これらのサービスの提供を通じて、少子高齢化やそれに伴う人手不足等の将来にわたる社会課題の解決に向けて、あらゆる空間の無人化・省人化を促進する新たな社会モデルの創出に取り組む空間DX事業を、法人、住宅、商業施設、教育機関、自治体などの幅広い業界で展開し、リカーリング収益(注4)の最大化を通じた事業拡大を推進しております

 

(注) 1.スマートロックとは、電気制御により鍵を開閉することができるインターネットに接続された錠前のことであります。

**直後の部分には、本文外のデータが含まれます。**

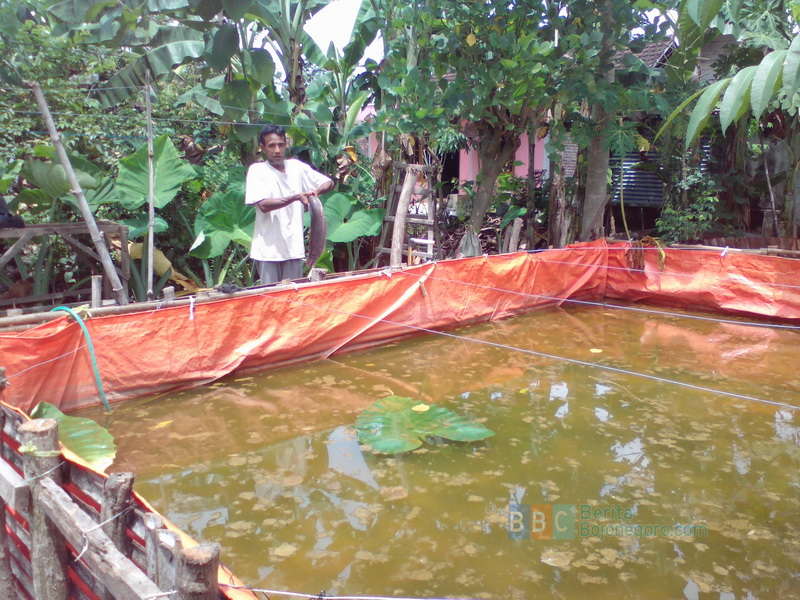 Terserang Virus, Lele 2,5 Kuintal Mati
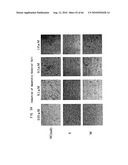 Novel modified galectin 9 proteins and use thereof diagram and image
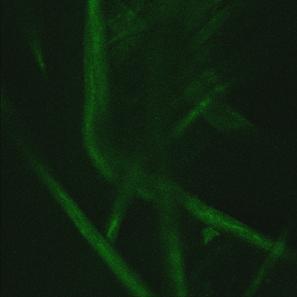 Following washing the residual protein the fabrics were incubated in 1 ml staining solution containing 5 mg/ml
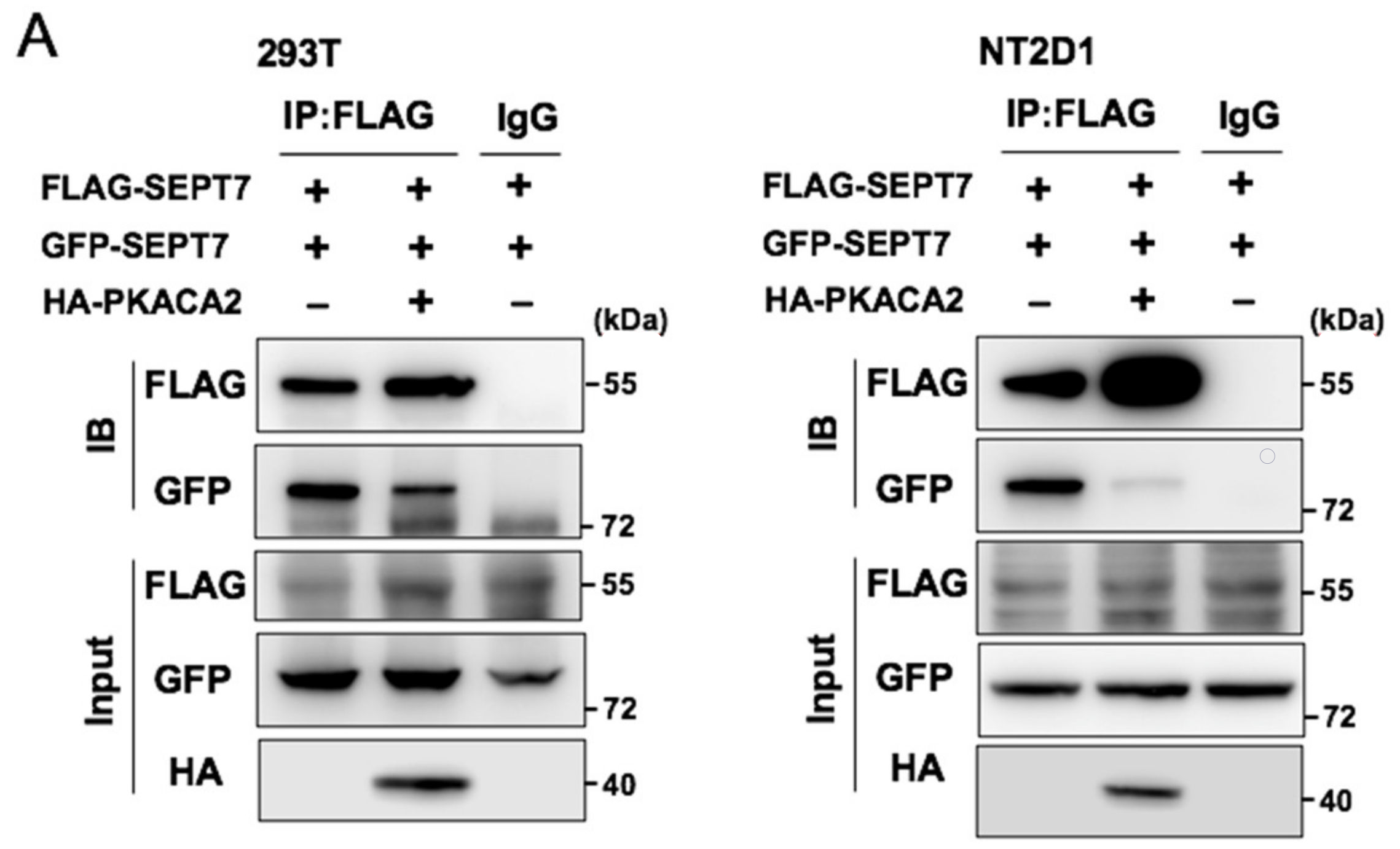 Cells 10 00361 g006a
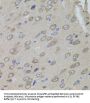 Small Ubiquitin-Related Modifier 3 (SUMO3) Antibody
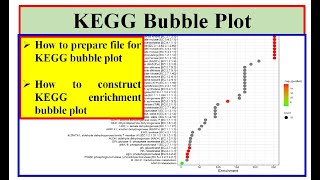 Kegg pathway bubble plot kegg pathway analysis genomewidestudy [upl. by Elda]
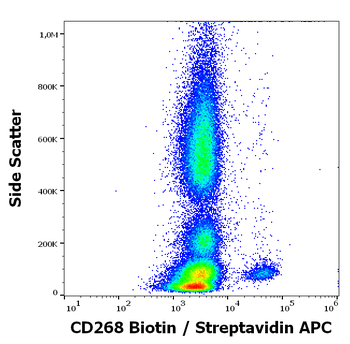 CD268 Antibody (Biotin)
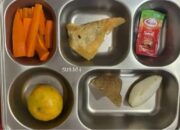 BGN Sidak Terkait Viral Menu Pangsit dalam MBG di SDN Kota Depok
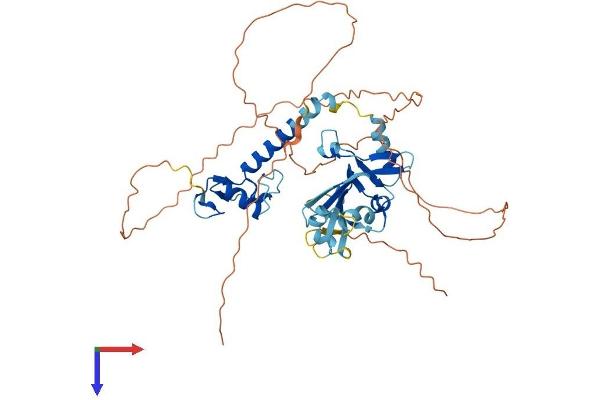 ZNHIT6 Protein (AA 1-460) (His tag)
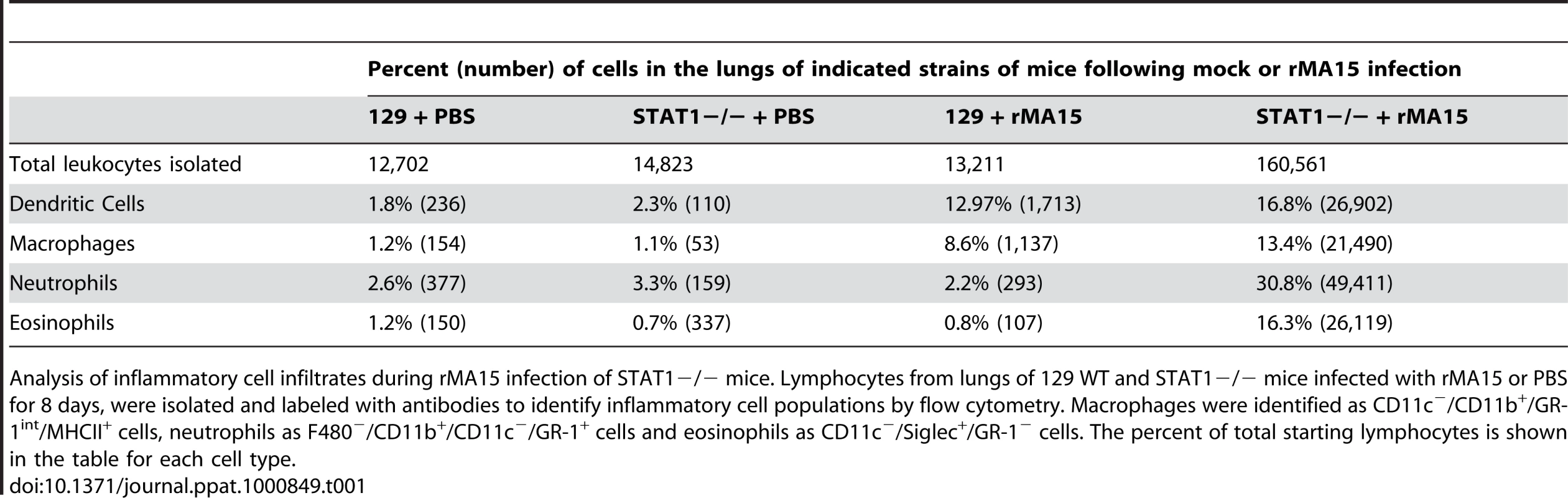 Quantitation of the inflammatory cell infiltrate in the lungs of rMA15 virus infected STAT1−/− mice at 8dpi.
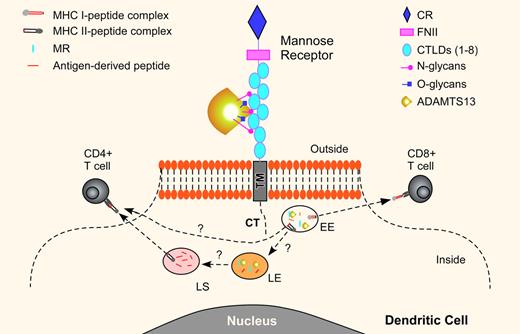 A proposed of model for mannose receptor–mediated endocytosis of ADAMTS13 in dendritic cells. The mannose receptor (MR) consists of an N-terminal cysteine-rich domain (CR) and 8 C-type lectin-like carbohydrate recognition domains (CTLDs 1-8) that bind glycoproteins terminated by D-mannose, L-fucose, or N-acetylglucosamine. The 4 to 7 CTLDs are shown to bind ADAMTS13. Once the MR-ADAMTS13 complex is internalized, it is transported to the endosomal pathway including early endosome (EE), late endosome (LE), and lysosome (LS). In the early endosome, the endocytosed ADAMTS13 may be dissociated from the MR and loaded on the MHC class I molecules (MHC I) for activation of the CD8+ T cells, termed cross-presentation. Other studies have demonstrated that certain soluble protein antigens taken up through the MR pathway can be targeted to the LE and LS for proteolytic degradation. The antigen-derived peptides can then be loaded on the MHC II molecules for presentation to the CD4+ T cells. The endocytosed ADAMTS13 is primarily detected in the early endosome of iDCs, suggesting that other pathways for endocytosis of ADAMTS13 may also be necessary for presenting the antigenic peptides to the CD4+ cells. It may be possible that on induction of iDC maturation, the antigen can be transported to the MHC II molecules for presentation to the CD4+ cells.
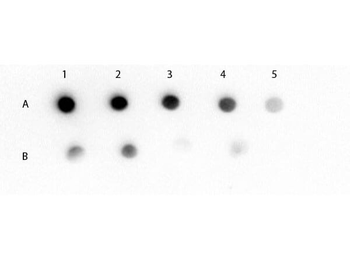 Mouse IgM (mu chain) Antibody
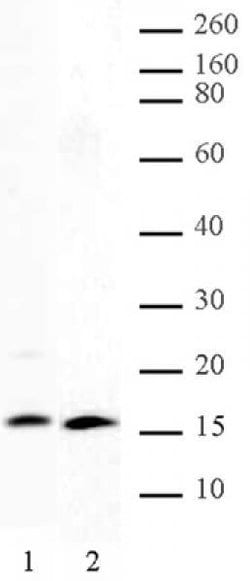 Histone H2A, C-terminal Polyclonal Antibody, Active Motif 200 &mu;L; Unconjugated:Antibodies,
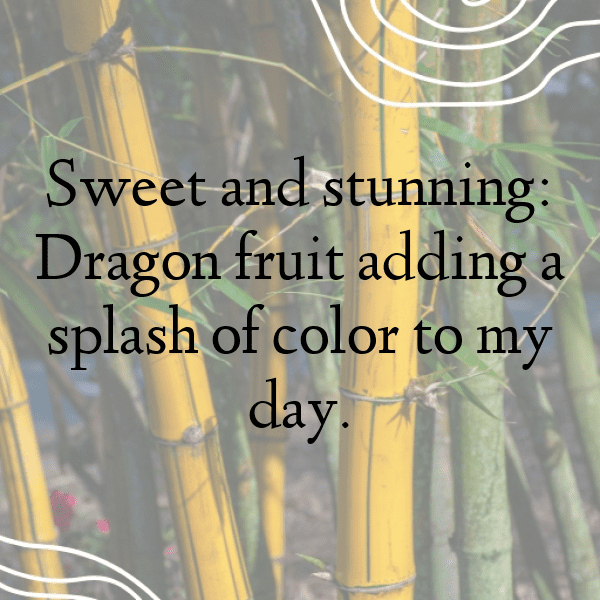 294+ Voavanga Fruit Captions For Instagram (Short, Trending & Viral) 3 Voavanga Fruit Captions Photo For Instagram-C3Td7B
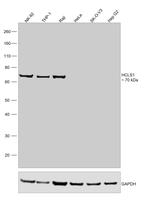 HCLS1 Antibody in Western Blot (WB)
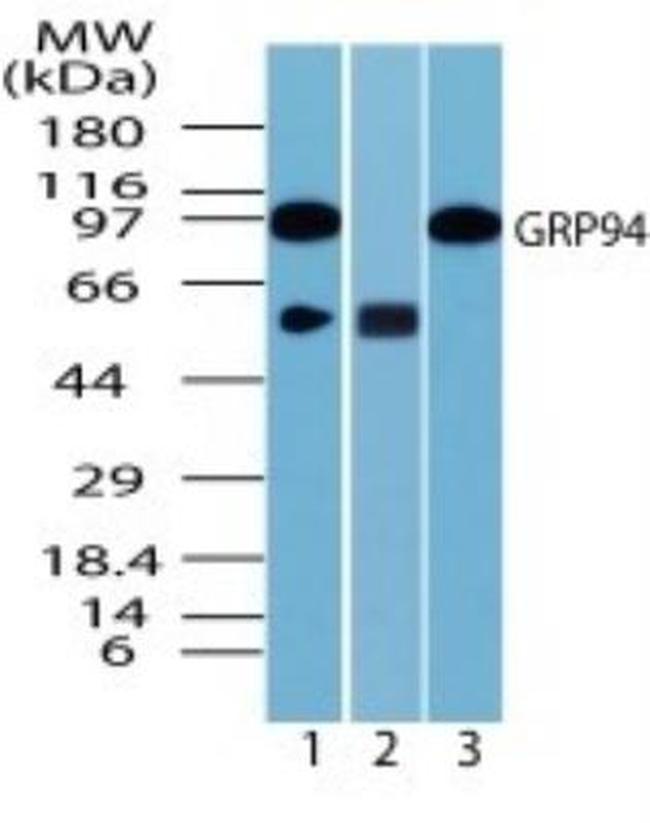 GRP94 Antibody in Western Blot (WB)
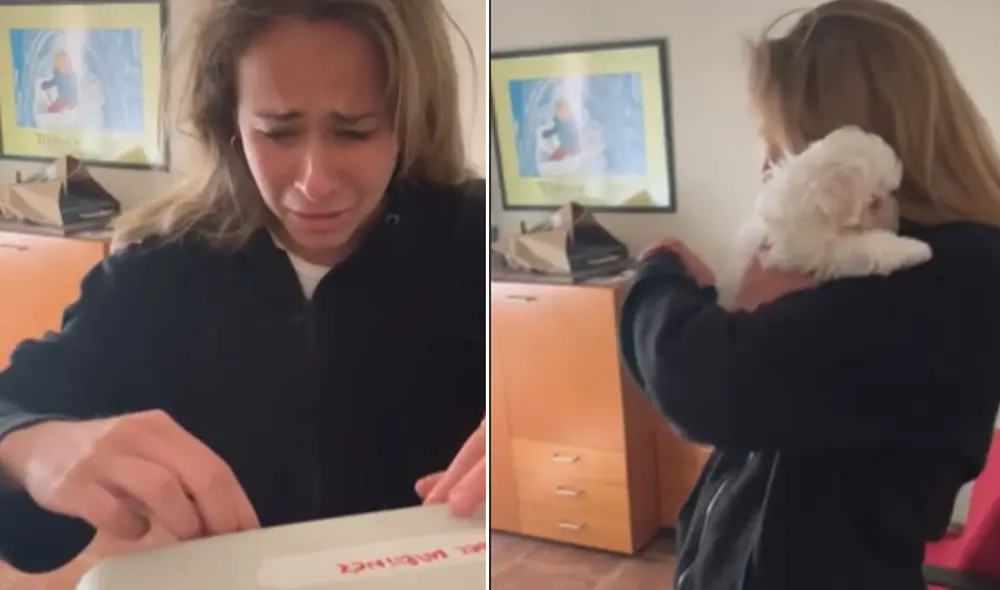 Esta emotiva escena se hizo viral y conmovió a miles en las redes sociales. Foto: captura de TikTok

2.HESaaSとは、Hardware Enabled Software as a Serviceの略で、アプリケーションソフトウエアをインターネット経由で提供するクラウドサービスであるSaaSと、ハードウエアのサブスクリプションモデルを組み合わせた提供モデルであります。

3. BPaaSとは、Business Process as a Serviceの略で、企業などにおける業務プロセスをアウトソースすると同時に、クラウドなどのテクノロジーを活用して業務効率の向上を実現するサービス提供モデルであります。

4. リカーリング収益とは、サービスや製品の提供を通じて、定期的かつ継続的に発生する収益のことであります。

 

<当社事業を取り巻く社会的背景>

現在、日本国内では、少子高齢化に伴う深刻な人手不足や生産年齢人口(15〜64歳)の減少といった社会課題に直面しており、統計によると生産年齢人口は1995年頃をピークに減少を続け、2025年時点の東京都、神奈川県、埼玉県、千葉県の生産年齢人口が2045年にはほぼ消失すると推計されています(注)。この影響はすでに様々な業界で顕著になってきており、オフィスにおける人手不足を原因とした過重労働や生産性の低下、観光業界における訪日外国人旅行客の増加に伴う人手不足や機会損失、教育機関等における働き方改革の要請、そして小売店舗等におけるアルバイトを含む人材不足による営業時間の短縮や機会損失等、現在そして将来にわたって企業だけでなく日本経済そのものの成長への大きな課題となっております。


 

この不可避の社会課題に対して、人手不足を補うためのデジタル化やDXが様々な業界で求められるなか、当社グループでは、市場での実績が豊富で現契約社数5,600社超という相当規模のユーザー基盤を有する認証プラットフォームを活用したAkerunを基軸に、オフィス、住宅、商業施設、医療機関、教育機関、自治体等のあらゆる空間に適用可能な空間管理ソリューションを提供しております。これにより、空間や施設の運営の無人化・省人化という将来におけるスタンダードとなる新たな市場を創出するとともに、ビジネスの領域だけでなく日本社会全体における課題の解決を支援することを目指しております。

 

(注)国立社会保障・人口問題研究所「日本の地域別将来推計人口(令和5(2023)年推計)」

 

[空間DX事業の概要]

当社グループは、オフィス、住宅、商業施設、医療機関、教育機関、自治体等のあらゆる空間の管理を無人化・省人化するテクノロジーやソリューションを提供することで、少子高齢化等に伴う深刻な人手不足や生産年齢人口の減少といった社会課題の解決を支援する空間DX事業を展開しております。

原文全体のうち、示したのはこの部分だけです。